#### REQUIRED WORK
The records that follow must be repeated exactly, except for their pictures.

Pictures with short captions

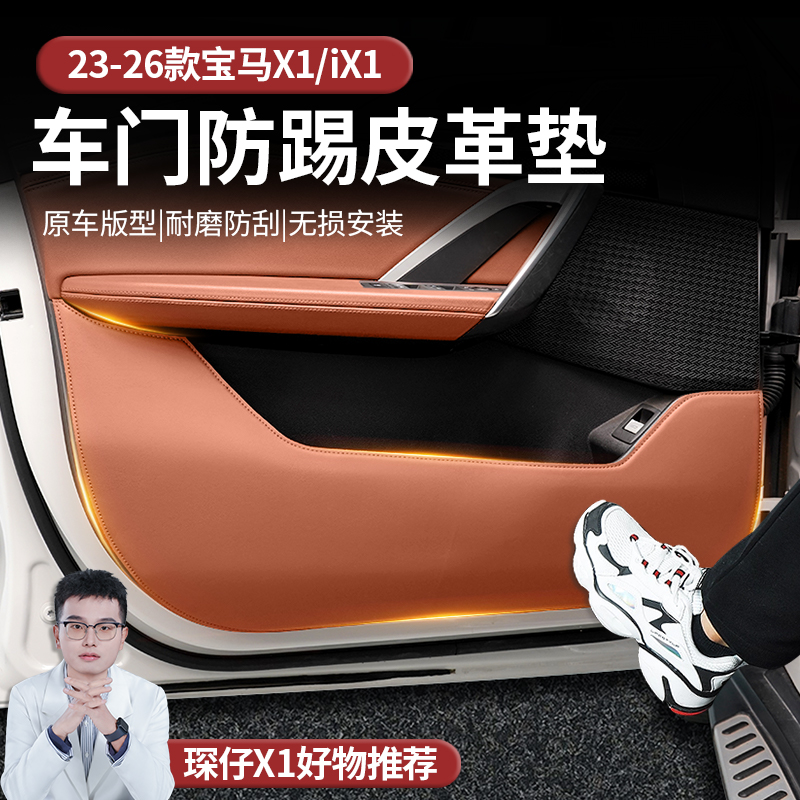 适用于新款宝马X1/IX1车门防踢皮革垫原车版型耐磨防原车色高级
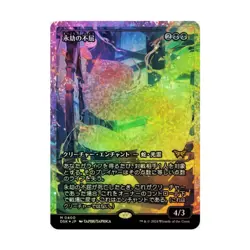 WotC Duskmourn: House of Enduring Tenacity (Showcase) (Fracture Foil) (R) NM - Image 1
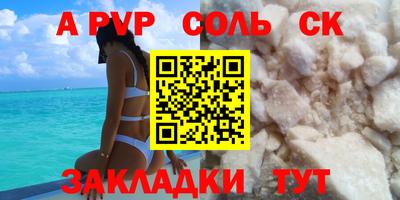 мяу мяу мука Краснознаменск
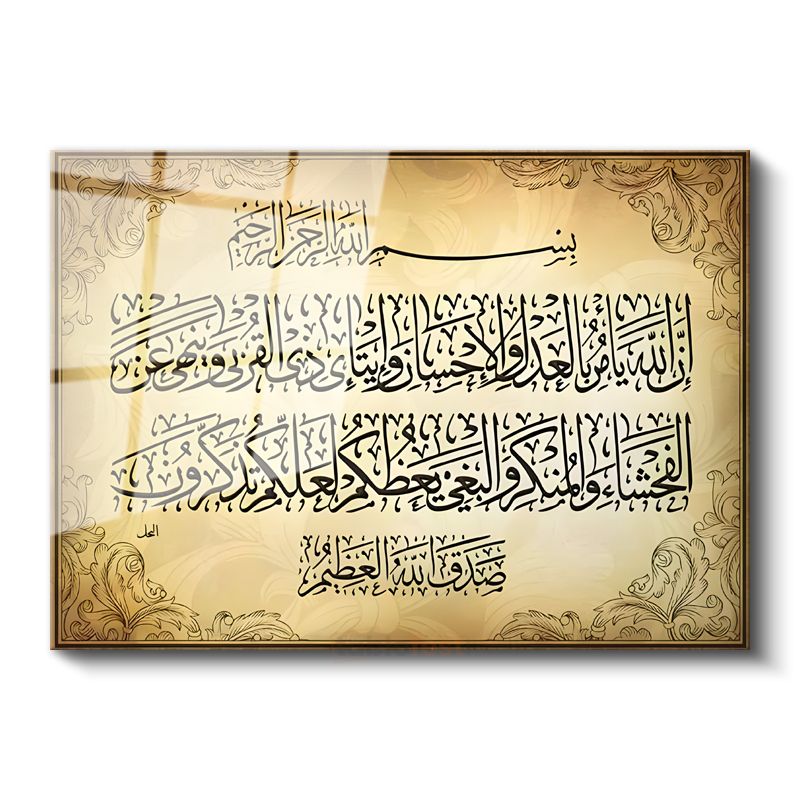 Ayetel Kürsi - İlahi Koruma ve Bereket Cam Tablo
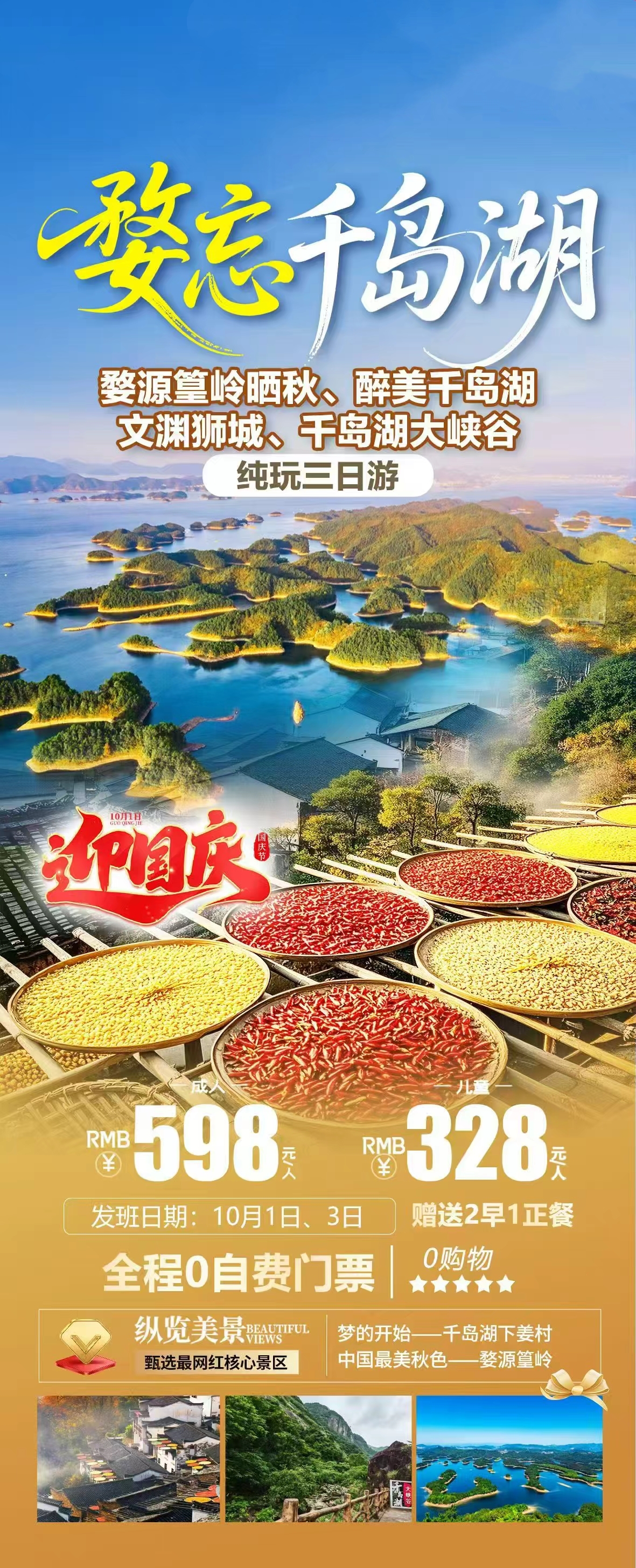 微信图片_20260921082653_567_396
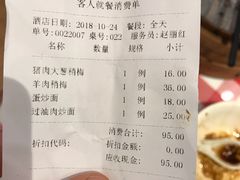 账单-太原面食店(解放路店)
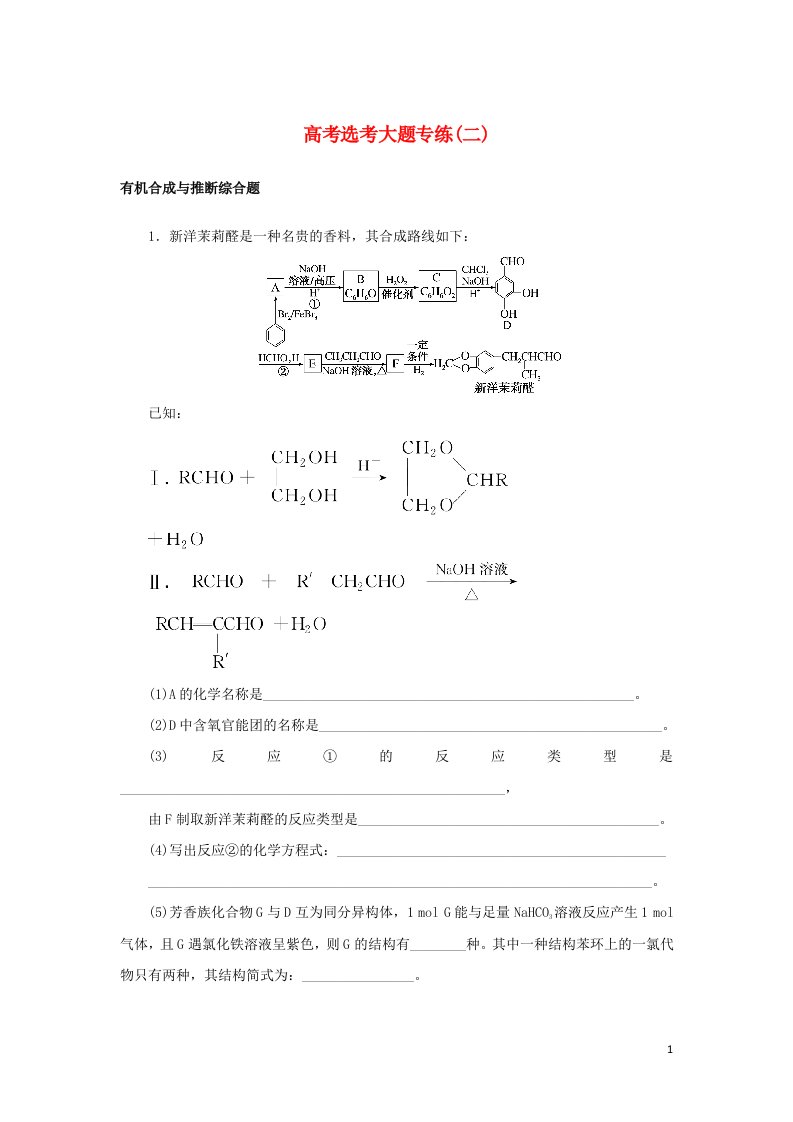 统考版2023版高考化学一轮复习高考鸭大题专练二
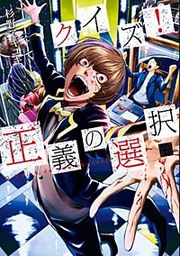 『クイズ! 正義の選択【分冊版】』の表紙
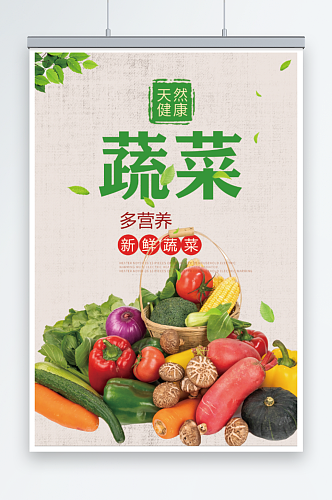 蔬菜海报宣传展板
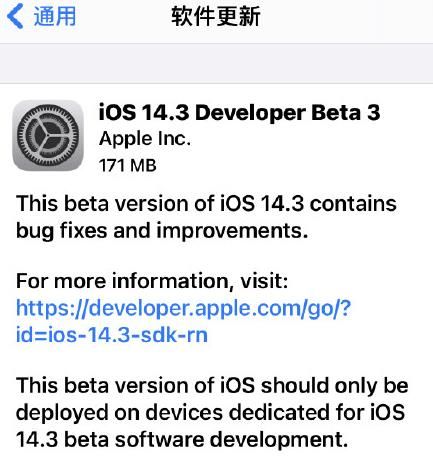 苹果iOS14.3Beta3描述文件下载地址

#### ANSWER SECTION
 适用于新款宝马X1/IX1车门防踢皮革垫原车版型耐磨防原车色高级
 WotC Duskmourn: House of Enduring Tenacity (Showcase) (Fracture Foil) (R) NM - Image 1
 мяу мяу мука Краснознаменск
 Ayetel Kürsi - İlahi Koruma ve Bereket Cam Tablo
 微信图片_20260921082653_567_396
 账单-太原面食店(解放路店)
 统考版2023版高考化学一轮复习高考鸭大题专练二
 『クイズ! 正義の選択【分冊版】』の表紙
 蔬菜海报宣传展板
 苹果iOS14.3Beta3描述文件下载地址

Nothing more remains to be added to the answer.